Dataset excerpts
┌────────

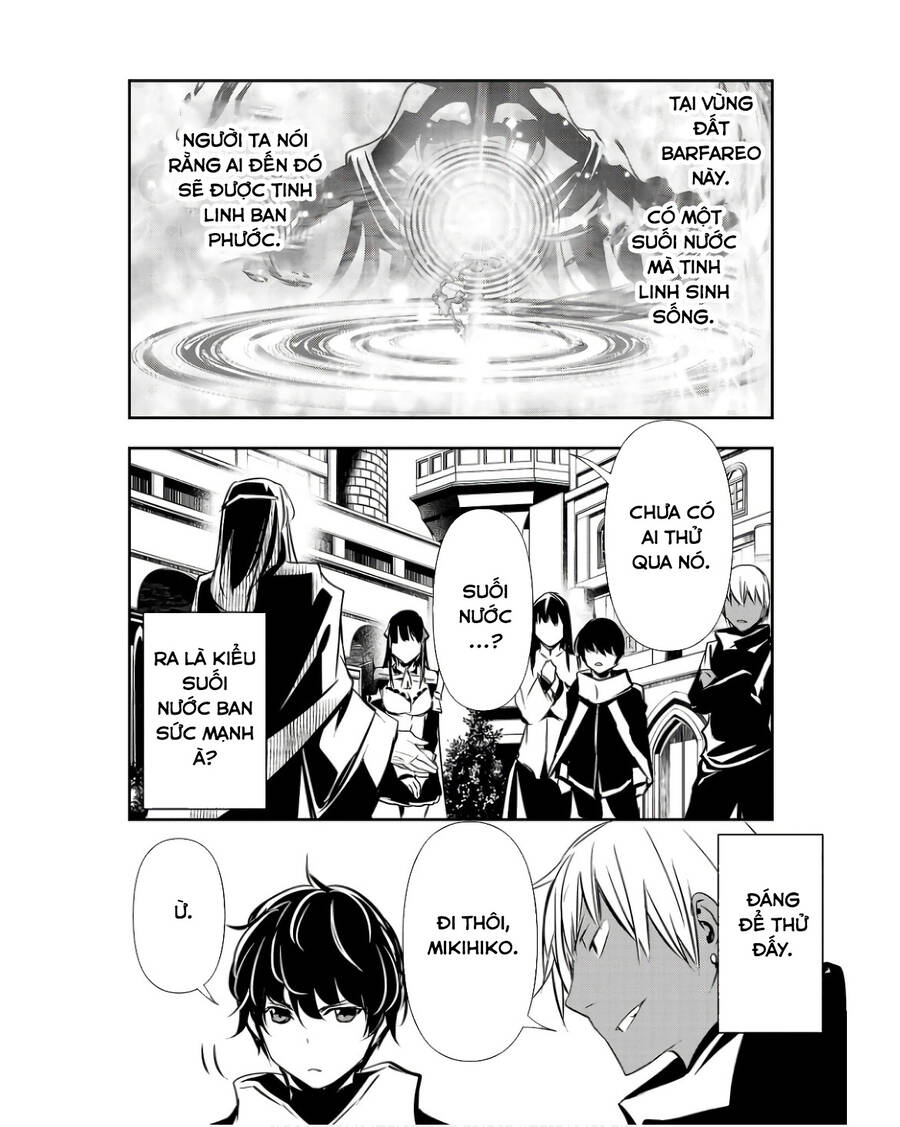 Isekai Ntr Chương 46 Ảnh 11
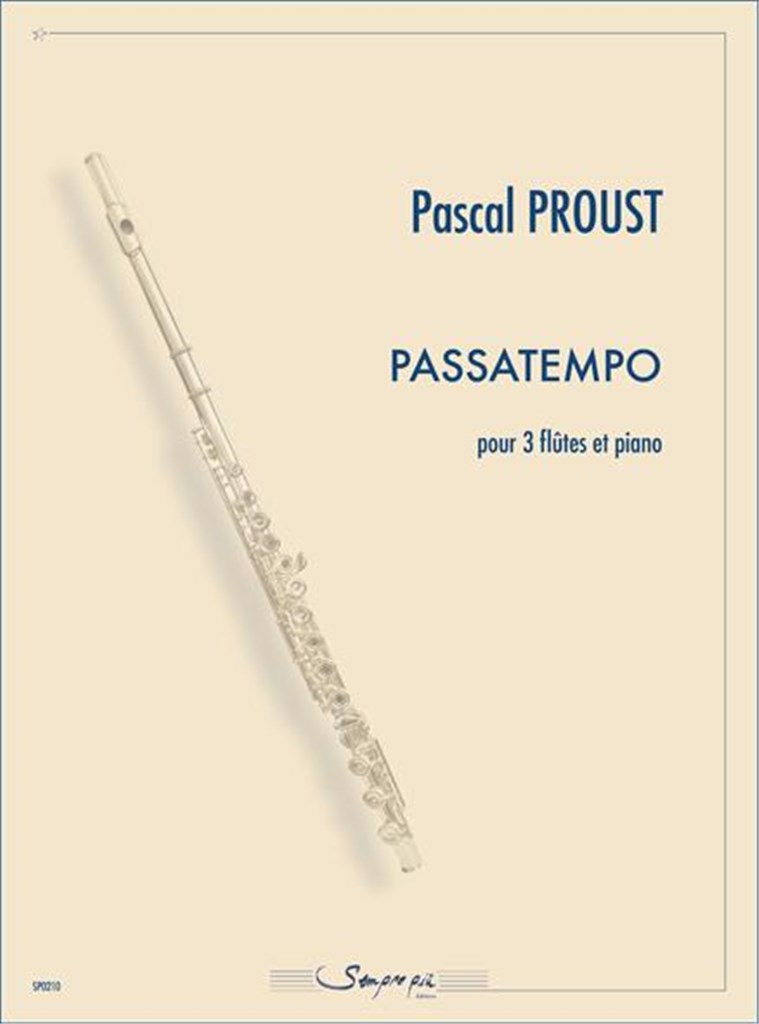 Passatempo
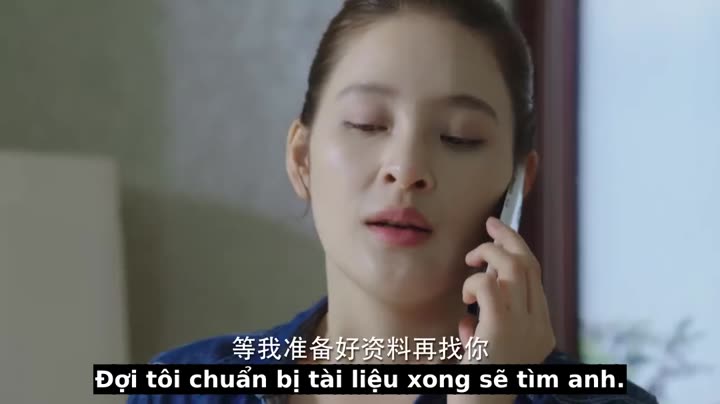 Tập 10 phim Truy tìm hung thủ (Kì 1)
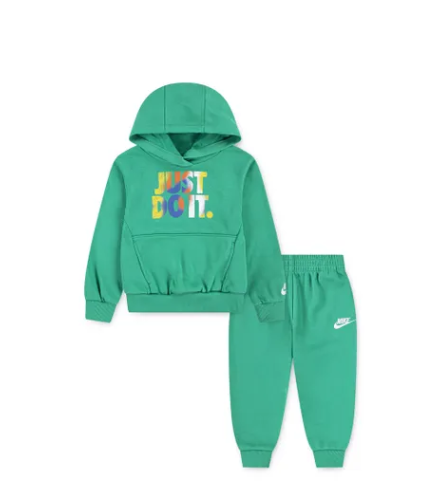 tuta nike infant 86N387E5D Nike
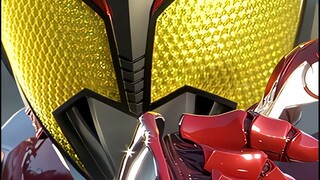 [Kamen Rider Image Quality Restoration] Which main rider from the past ten years is your favorite?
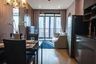 2 Bedroom Condo for Sale or Rent in Ashton Asoke, Khlong Toei Nuea, Bangkok near MRT Sukhumvit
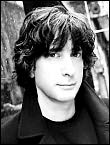 Image of
Neil Gaiman
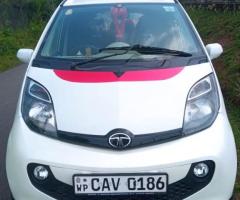 Tata Nano - 1/5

└────────

→ **EXERCISE DETAILS**
Using the entries above, transcribe exactly from the line that has "Tập 10 phim Truy tìm hung thủ (Kì 1)" through the line that has "Neil Gaiman". Pictures are dropped.

→ **RESPONSE TO THIS EXERCISE**
 Tập 10 phim Truy tìm hung thủ (Kì 1)
 tuta nike infant 86N387E5D Nike
 [Kamen Rider Image Quality Restoration] Which main rider from the past ten years is your favorite?
 2 Bedroom Condo for Sale or Rent in Ashton Asoke, Khlong Toei Nuea, Bangkok near MRT Sukhumvit
 Image of
Neil Gaiman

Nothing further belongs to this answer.